Our status function is done. It should output something like:

我们的状态函数完成了。它的输出应该类似于:

bash
$ wyag status
On branch main.
Changes to be committed:
  added:    src/main.c

Changes not staged for commit:
  modified: build.py
  deleted:  README.org

Untracked files:
  src/cli.c
bash
$ wyag status
在分支 main 上。
待提交的更改:
  添加了:src/main.c

未暂存的更改:
  修改了:build.py
  已删除:README.org

未跟踪的文件:
  src/cli.c

The real status is a lot smarter: it can detect renames, for example, where ours cannot. Another significant difference worth mentioning is that git status actually writes the index back if a file metadata was modified, but not its content.
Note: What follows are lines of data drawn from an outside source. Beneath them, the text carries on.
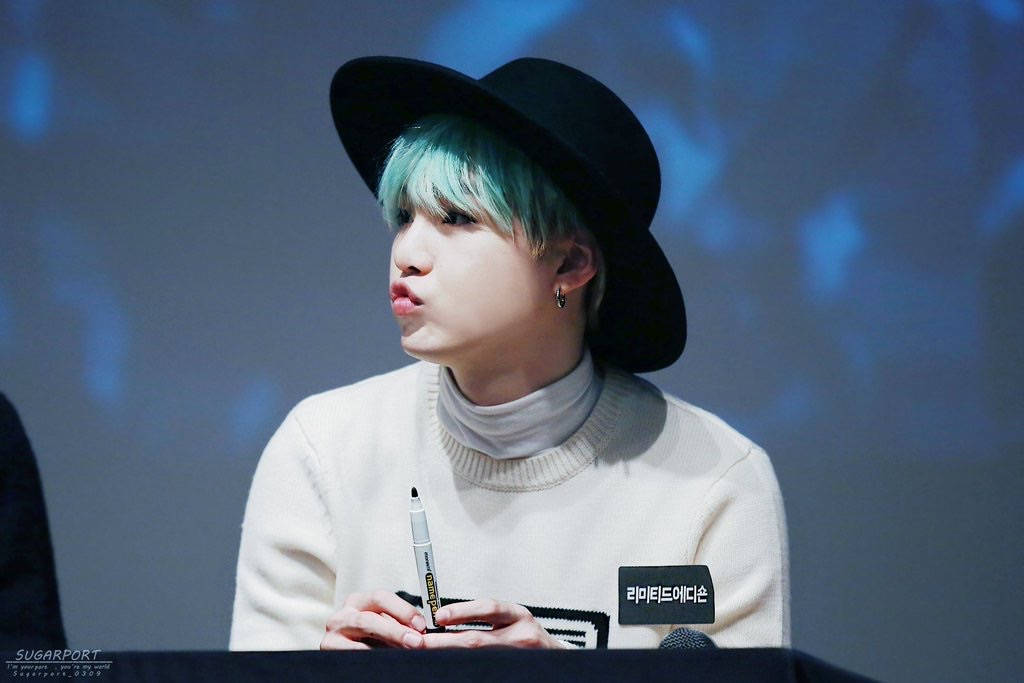 Bts Suga Cute 桌布 壁紙 — 一位年輕男子，擁有藍綠色頭髮和黑色帽子，坐在桌子旁，手持記號筆，背景是藍色模糊的。
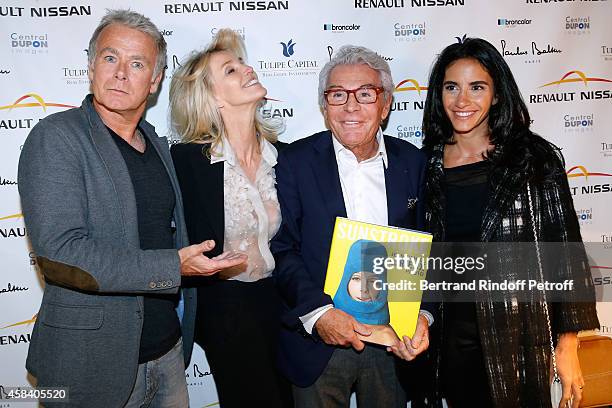 Daniel Lorieux and his companion Laura Restelli standing between Humorist Franck Dubosc and his wife Daniele Dubosc attend Jean-Daniel Lorieux signs...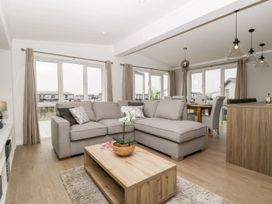 A living room with a gray sectional sofa a wooden coffee table with a plant and dining area with chairs and pendant lights at Summerdown in Brean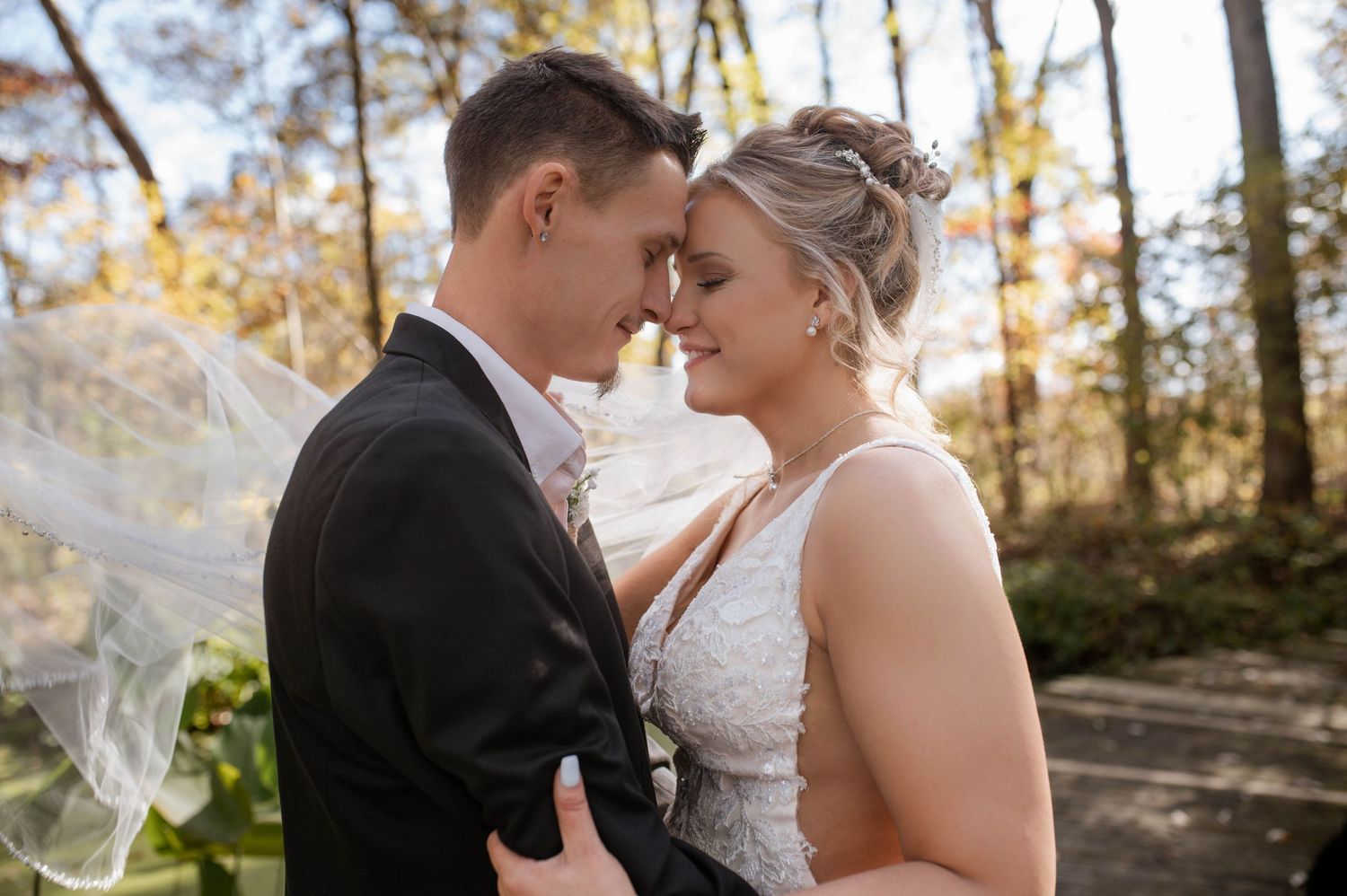 A bride and groom embracing.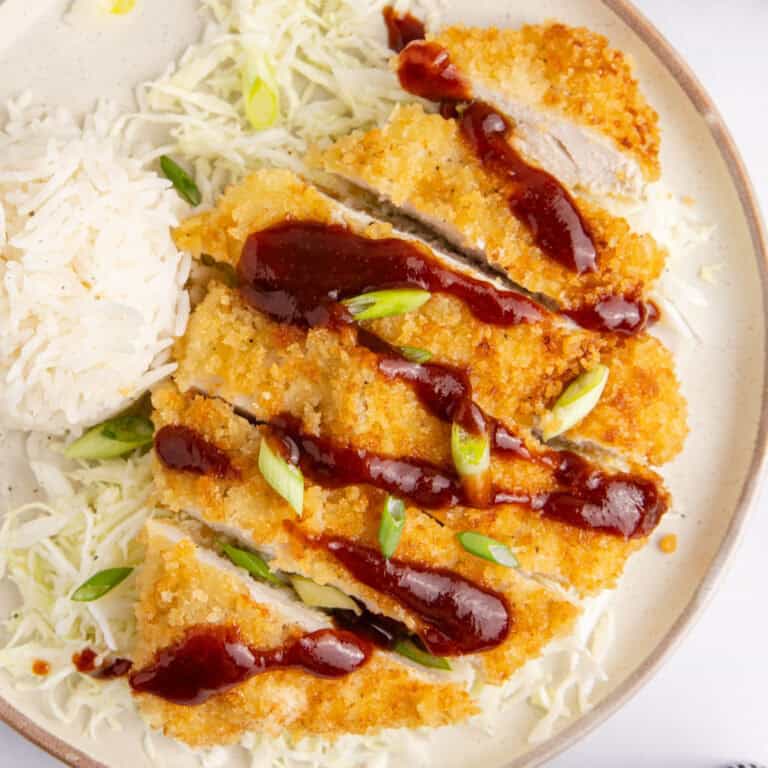 square image of chicken katsu on a plate with a side of rice with sauce on top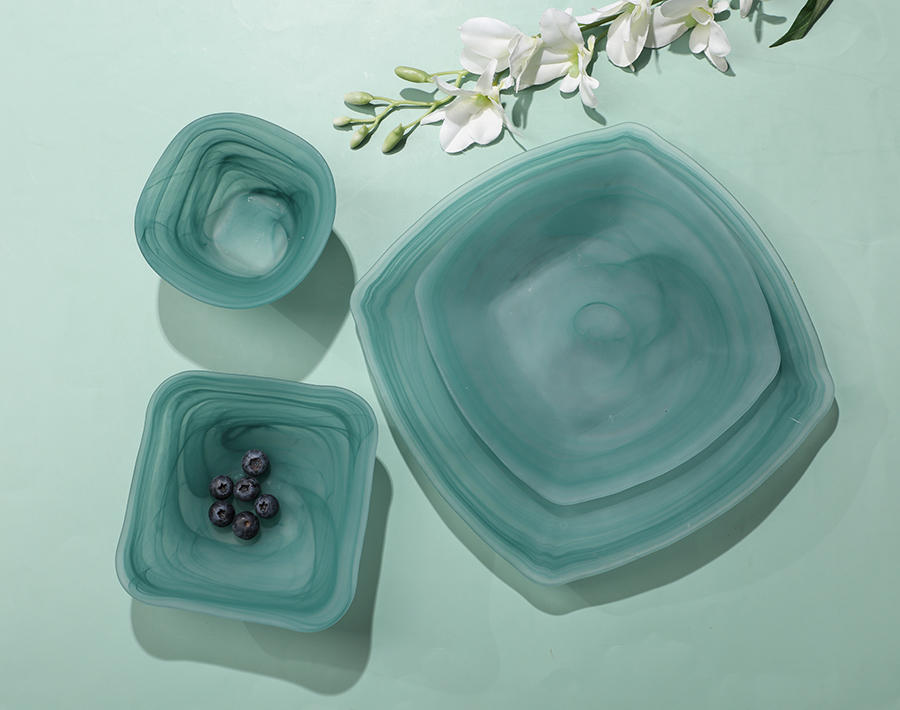 Colored glass bowls and plates showcase Chinese cultural style Colored glass bowls and plates showcase Chinese cultural style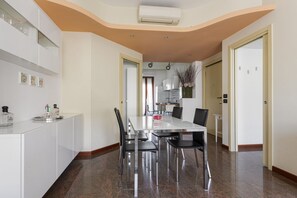 Une cuisine moderne avec des meubles blancs, une table à manger avec des chaises et un couloir menant à une porte.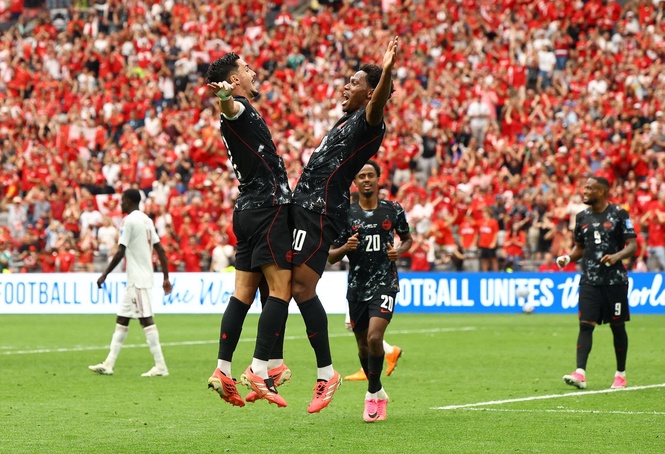 Canada crush nine-man Qatar for first World Cup victory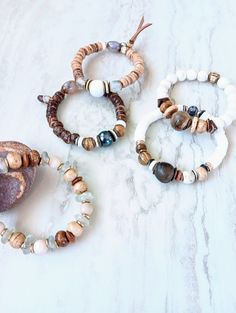 Earthy, natural, cozy, and everyday. Beautiful beige, white, cream, brown, and touches of sienna and rust in these mixed medium stack bracelets. Several gemstone varieties in different sizes, finishes, and colors. Several Jaspers, Tibetan Agate, Fossilized Coral, Picture Jasper rondelle, and many ethical bone beads in a variety of colors and shapes. Mix these in with recycled glass, Ebonywood, beads, Kente Krobe sand glass beads, shell, coconut disks, and mixed metals. Unique and stunning. Strung on heavy duty elastic. The item/s pictured is the item you will receive. Bracelets is 7.0" to 7.5" in length. HavSolStudio on ETSY | Mixed media . Earthy elegance . Great texture . Beach inspired . Coastal calm . A little rustic . Worldly . Alluring . Recycled glass . Reuse . Repurpose . Statement Everyday Hand Wrapped Brown Bracelets, Everyday Brown Hand-wrapped Bracelets, Everyday Brown Hand Wrapped Bracelets, Bohemian White Bracelets For Everyday, Rustic Brown Bracelet For Everyday Wear, Rustic Brown Bracelets For Everyday, Everyday Stackable Brown Jewelry, Everyday Brown Stackable Jewelry, Rustic Brown Everyday Bracelets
You can see it with our special ls-files:

真实的 status 更加智能:例如,它可以检测重命名,而我们的版本则无法。还有一个显著的区别值得提及的是,git status 实际上会在文件元数据被修改但内容未被修改时,写回 索引。您可以通过我们的特殊 ls-files 查看这一点:

bash
$ wyag ls-files --verbose
Index file format v2, containing 1 entries.
file
  regular file with perms: 644
  on blob: f2f279981ce01b095c42ee7162aadf60185c8f67
  created: 2023-07-18 18:26:15.771460869, modified: 2023-07-18 18:26:15.771460869
  ...
$ touch file
$ git status > /dev/null
$ wyag ls-files --verbose
Index file format v2, containing 1 entries.
file
  regular file with perms: 644
  on blob: f2f279981ce01b095c42ee7162aadf60185c8f67
  created: 2023-07-18 18:26:41.421743098, modified: 2023-07-18 18:26:41.421743098
  ...
bash
$ wyag ls-files --verbose
索引文件格式 v2,包含 1 个条目。
file
  普通文件,权限:644
  对应的 blob: f2f279981ce01b095c42ee7162aadf60185c8f67
  创建时间:2023-07-18 18:26:15.771460869,修改时间:2023-07-18 18:26:15.771460869
  ...
$ touch file
$ git status > /dev/null
$ wyag ls-files --verbose
索引文件格式 v2,包含 1 个条目。
file
  普通文件,权限:644
  对应的 blob: f2f279981ce01b095c42ee7162aadf60185c8f67
  创建时间:2023-07-18 18:26:41.421743098,修改时间:2023-07-18 18:26:41.421743098
  ...

Notice how both timestamps, from the index file, were updated by git status to reflect the changes in the real file’s metadata.

注意,索引文件中的两个时间戳都被 git status 更新,以反映真实文件元数据的变化。